Le tribunal correctionnel de Saint-Nazaire a mis son jugement en délibéré au 11 février 2008.
Excédés par ce qu’ils ont présenté comme "une partie de ping-pong", plusieurs membres des parties civiles ont fait circuler lundi dans la salle d’audience principale une lettre ouverte aux prévenus, dans laquelle elles réclament une "reconnaissance publique de responsabilité".
"Certains le font dans la salle des pas-perdus, mais refusent de le faire devant le tribunal, sur les conseils de leurs avocats", fustige Yann Bartolomé, qui a perdu sa mère et son grand-père dans l’accident survenu le 15 novembre 2003.
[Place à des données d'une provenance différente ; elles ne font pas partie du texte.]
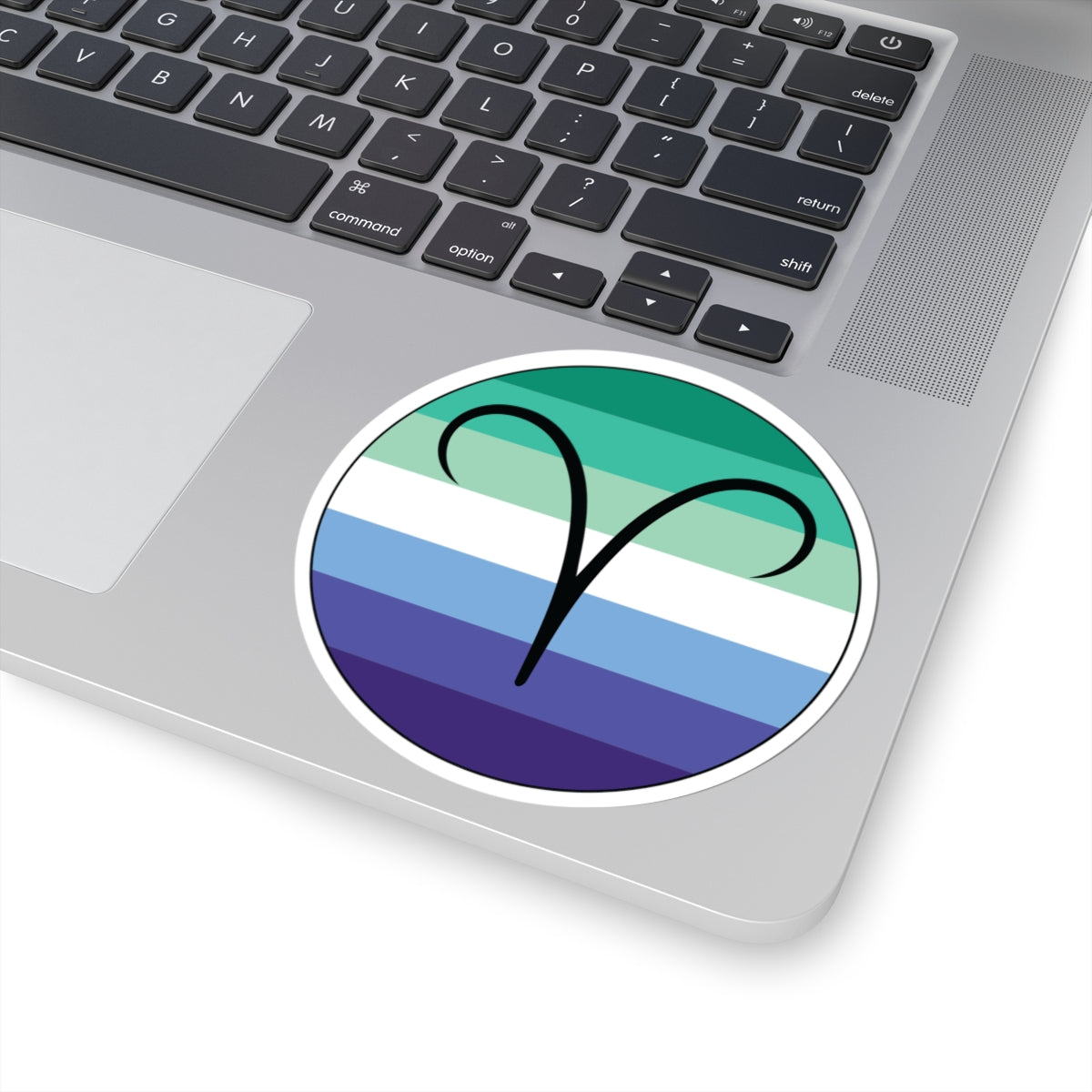 Close-up of the bottom right corner of a silver laptop featuring a 4 inch by 4 inch circular zodiac sticker with a centered Aires glyph on a Gay Men pride flag style background applied to the surface.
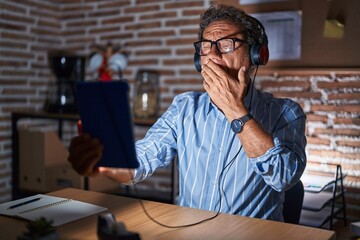 Poster - Middle age hispanic man using touchpad sitting on the table at night bored yawning tired covering mouth with hand. restless and sleepiness.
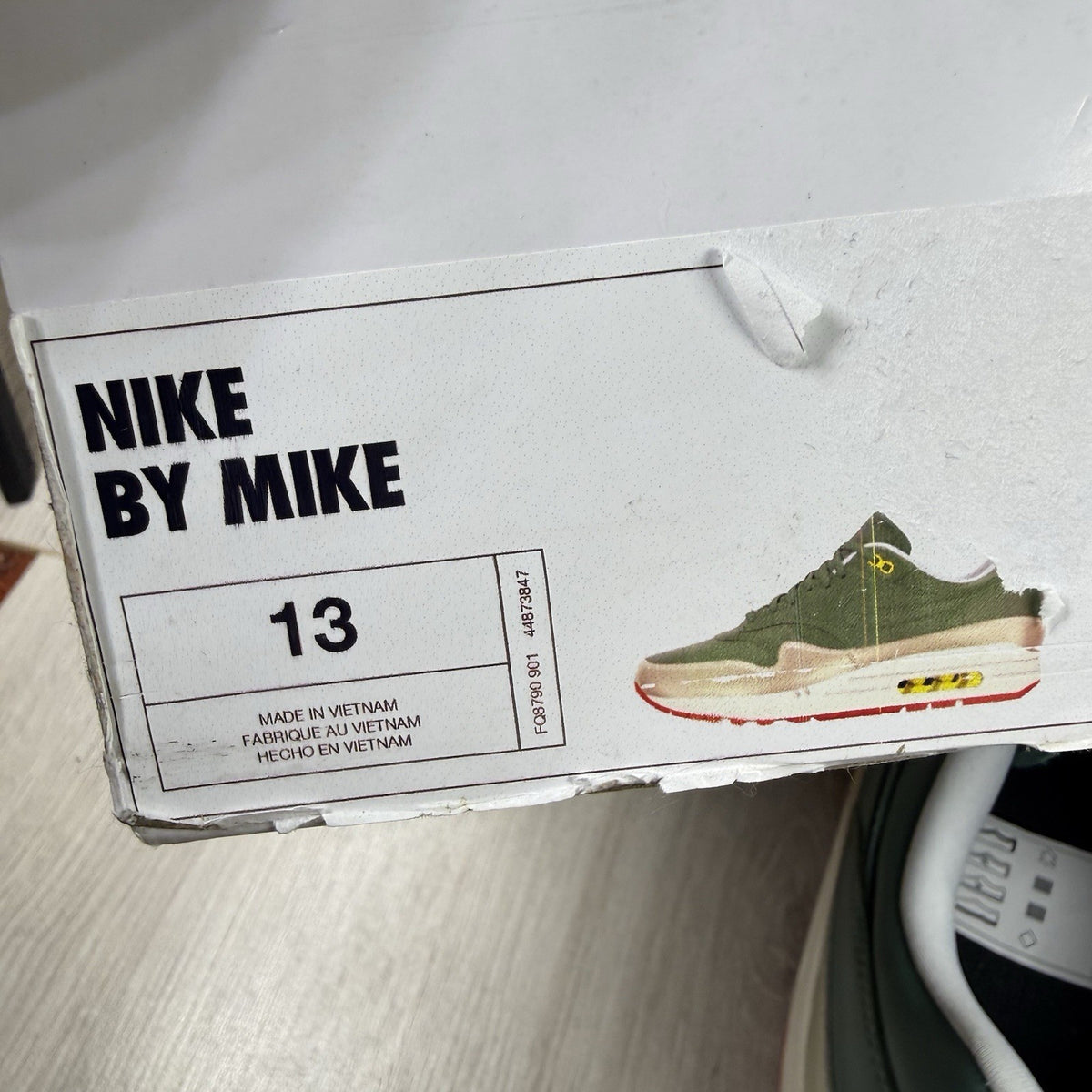 Nike Air Max 1 trainers green with white and silver accents, featuring iconic logo.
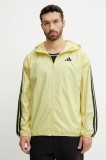adidas geacă Essentials culoarea galben, de tranzitie, IM7847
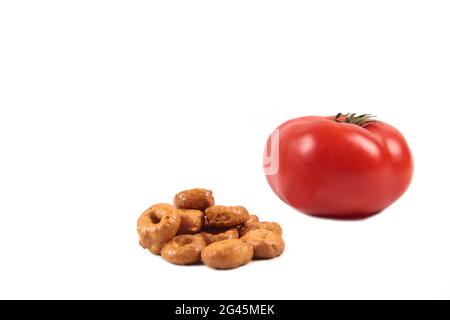 Un mucchio di tarallini, uno spuntino italiano di grano integrale e un pomodoro isolato su sfondo bianco. L'immagine contiene spazio per la copia Foto Stock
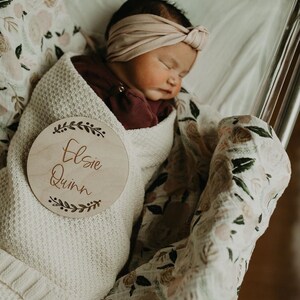 May include: A newborn baby girl is swaddled in a white blanket with a floral pattern. A wooden circle with the name "Elsie Quinn" is placed on the blanket. The baby is wearing a burgundy shirt and a light pink headband.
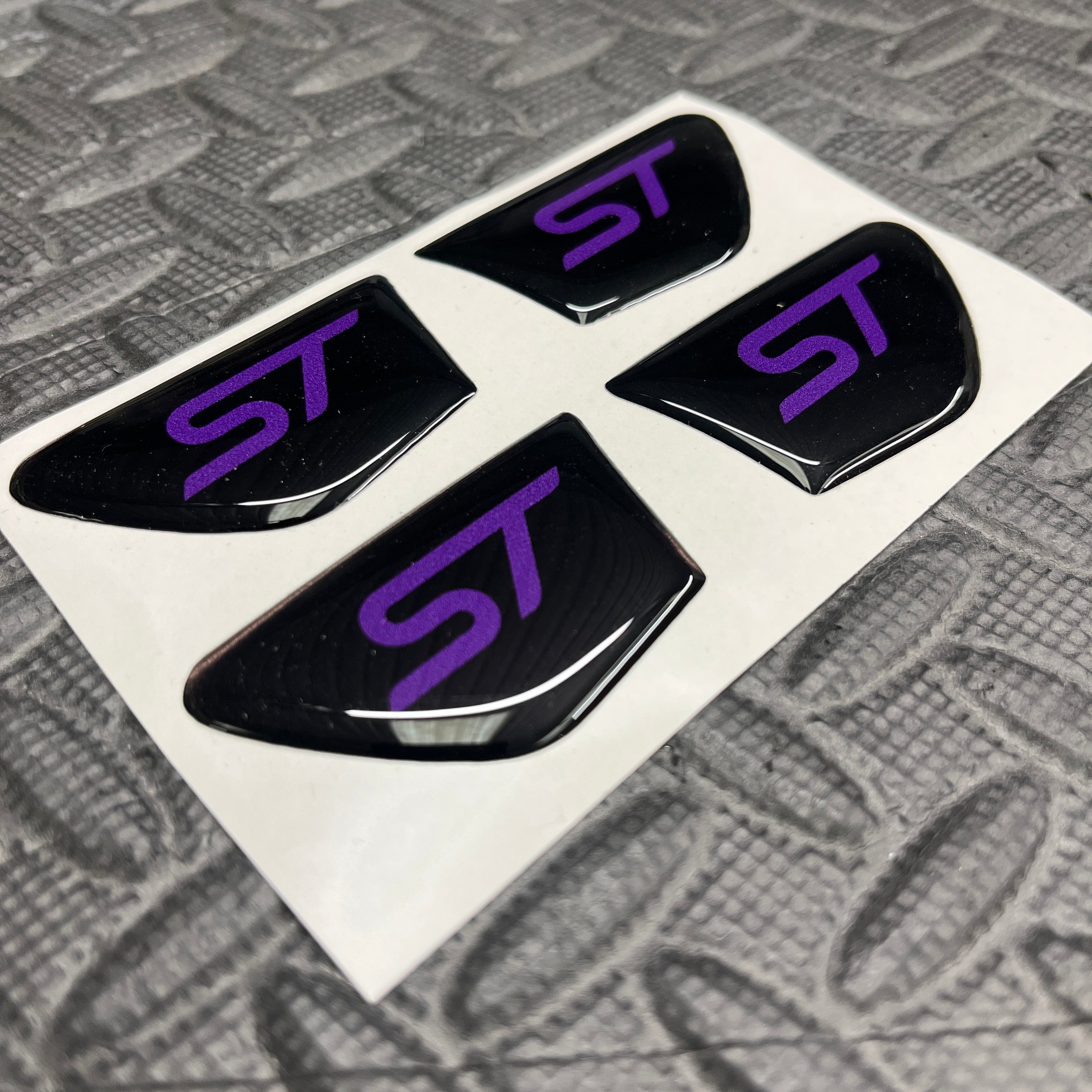Four black 'ST' logo stickers with purple lettering on a white backing.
Les réquisitions du procureur de la République ont été jugées "trop faibles" par les 130 parties civiles, dont une partie avait brièvement quitté la salle d’audience jeudi dernier en signe de protestation.
Pierre-Marie Block avait réclamé la veille l’amende maximale pour les Chantiers de l’Atlantique et Endel, le fournisseur de la passerelle (225.000 euros, plus 7.500 euros pour chacune des neuf contraventions), mais avait seulement requis de la prison avec sursis pour leurs huit salariés.
"VICES DE CONCEPTION"
"Serait-il opportun d’envoyer toutes ces personnes au casier judiciaire vierge en prison ? Je ne le crois pas", a expliqué à l’audience le procureur de la République de Saint-Nazaire.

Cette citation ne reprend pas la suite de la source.